4"x 4.5" oil on wood
I finished this a few weeks ago. It is for a couple from Williamstown, MA. They currently live here in Deland, Florida and own 7 of my paintings. Wait.....maybe it's eight. Damn, I should know. Anyway, this was commissioned as a Christmas gift to the mother of the husband. She had been in ill health and at the age of, I think, 93, time was a factor. I finished it just before Thanksgiving, but unfortunately, she passed away before the painting could be given to her. I would have hoped she would have liked it. I did not meet her, but from all that I have heard, she was a good woman who possessed many good qualities, besides raising a fine son. And she lived a very long time, which is the way it should be. Too often, the jerks of the world live forever and the good die young. But this time, humanity won.
This painting is of a lake in New Hampshire near Franklin Pierce University that looks towards Mt Monadnock.
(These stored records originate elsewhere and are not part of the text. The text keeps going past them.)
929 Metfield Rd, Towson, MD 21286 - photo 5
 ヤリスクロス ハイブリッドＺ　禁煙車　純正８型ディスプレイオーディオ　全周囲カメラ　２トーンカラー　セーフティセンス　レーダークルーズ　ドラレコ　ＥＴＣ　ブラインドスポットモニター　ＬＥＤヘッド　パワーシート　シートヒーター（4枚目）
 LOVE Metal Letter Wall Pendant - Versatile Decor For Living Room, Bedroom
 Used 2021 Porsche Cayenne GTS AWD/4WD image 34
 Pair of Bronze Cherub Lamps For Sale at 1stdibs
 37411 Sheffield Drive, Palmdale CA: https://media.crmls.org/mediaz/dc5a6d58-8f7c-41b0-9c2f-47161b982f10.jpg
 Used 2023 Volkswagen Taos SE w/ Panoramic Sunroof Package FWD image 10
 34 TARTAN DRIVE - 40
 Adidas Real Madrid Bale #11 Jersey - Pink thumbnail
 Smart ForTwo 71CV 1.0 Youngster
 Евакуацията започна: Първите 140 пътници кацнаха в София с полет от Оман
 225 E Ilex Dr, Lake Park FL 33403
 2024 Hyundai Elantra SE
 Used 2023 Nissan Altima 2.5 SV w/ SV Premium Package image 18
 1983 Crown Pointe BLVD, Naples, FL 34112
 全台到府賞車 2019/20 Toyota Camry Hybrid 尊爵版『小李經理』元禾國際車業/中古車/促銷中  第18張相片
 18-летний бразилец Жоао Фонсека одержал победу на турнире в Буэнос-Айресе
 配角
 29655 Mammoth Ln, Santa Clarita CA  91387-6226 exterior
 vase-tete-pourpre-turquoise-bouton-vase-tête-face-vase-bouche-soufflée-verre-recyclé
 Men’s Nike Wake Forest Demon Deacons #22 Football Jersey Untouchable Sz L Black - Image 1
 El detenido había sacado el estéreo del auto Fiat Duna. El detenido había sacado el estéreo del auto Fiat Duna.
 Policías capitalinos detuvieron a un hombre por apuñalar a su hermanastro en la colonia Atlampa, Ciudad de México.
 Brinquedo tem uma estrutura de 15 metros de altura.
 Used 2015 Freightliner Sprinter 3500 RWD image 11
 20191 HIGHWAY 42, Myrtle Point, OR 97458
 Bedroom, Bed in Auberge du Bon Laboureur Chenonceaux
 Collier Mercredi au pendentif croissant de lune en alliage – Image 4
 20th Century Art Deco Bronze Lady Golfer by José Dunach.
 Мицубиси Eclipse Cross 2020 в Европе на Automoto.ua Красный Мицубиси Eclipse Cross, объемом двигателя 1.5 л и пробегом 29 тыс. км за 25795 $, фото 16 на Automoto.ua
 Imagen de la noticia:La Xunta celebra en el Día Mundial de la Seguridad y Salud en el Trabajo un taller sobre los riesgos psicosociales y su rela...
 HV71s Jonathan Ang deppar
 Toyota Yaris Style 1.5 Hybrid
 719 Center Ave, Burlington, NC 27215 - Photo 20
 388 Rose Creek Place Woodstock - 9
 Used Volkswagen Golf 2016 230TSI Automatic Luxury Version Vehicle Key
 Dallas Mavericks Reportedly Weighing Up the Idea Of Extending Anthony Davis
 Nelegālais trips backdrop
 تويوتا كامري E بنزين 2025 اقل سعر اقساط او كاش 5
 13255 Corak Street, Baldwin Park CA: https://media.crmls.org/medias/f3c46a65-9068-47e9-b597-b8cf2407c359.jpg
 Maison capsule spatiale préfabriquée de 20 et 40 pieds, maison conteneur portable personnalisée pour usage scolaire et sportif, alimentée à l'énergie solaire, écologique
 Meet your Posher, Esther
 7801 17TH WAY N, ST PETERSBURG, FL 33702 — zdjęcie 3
Jeff, the husband went to school there and I am sure it has a lot of good memories. If we are lucky enough to go to college, we are sometimes imbued with the belief that we can change the planet and move mountains once we are unleashed on the world.
I tried to do the best I could with this painting. I think it turned out pretty well. As an artist, I am lucky to live this life. It's the only one I will get. I made some small changes to Monadnock and it is now in clearer view and not obstructed by the trees. You know........maybe we can move mountains after all.



Saturday, November 26, 2011

The Road











Ah, paintings at night. These are extremely difficult to do. Painting outside is a challenge. I live in Florida and the bugs are numerous and relentless. My single light I use to illuminate the easel also attracts every one of them. I use clove oil with my medium and that smell causes them to fly right into the painting and, of course, stick right to it. I spend a lot of time plucking them off. How fun. Plus, moving my eye from the highly lit board to the near darkness and back again to the board is very taxing on the eyes after about an hour. So I have to do a painting over many nights. However, photographing anything is nearly impossible. To get the light right is so hard given the extremes of light and really, you can't see much in a photo in the very dark areas. When I am standing there, I see the subtle differences. And any bright lights are totally washed out, so I have to take many, many pictures at just one location to get the information I need to make a painting.
This piece is 9"x 16" and its a perfect example of all of the above. Plus, when you are out there in the dark, people wonder what the hell you are doing. I am sure it looks suspicious with the white van, too. But people, I am hanging out a while because I am trying to get this whole painting thing right, not plan some elaborate heist or mugging.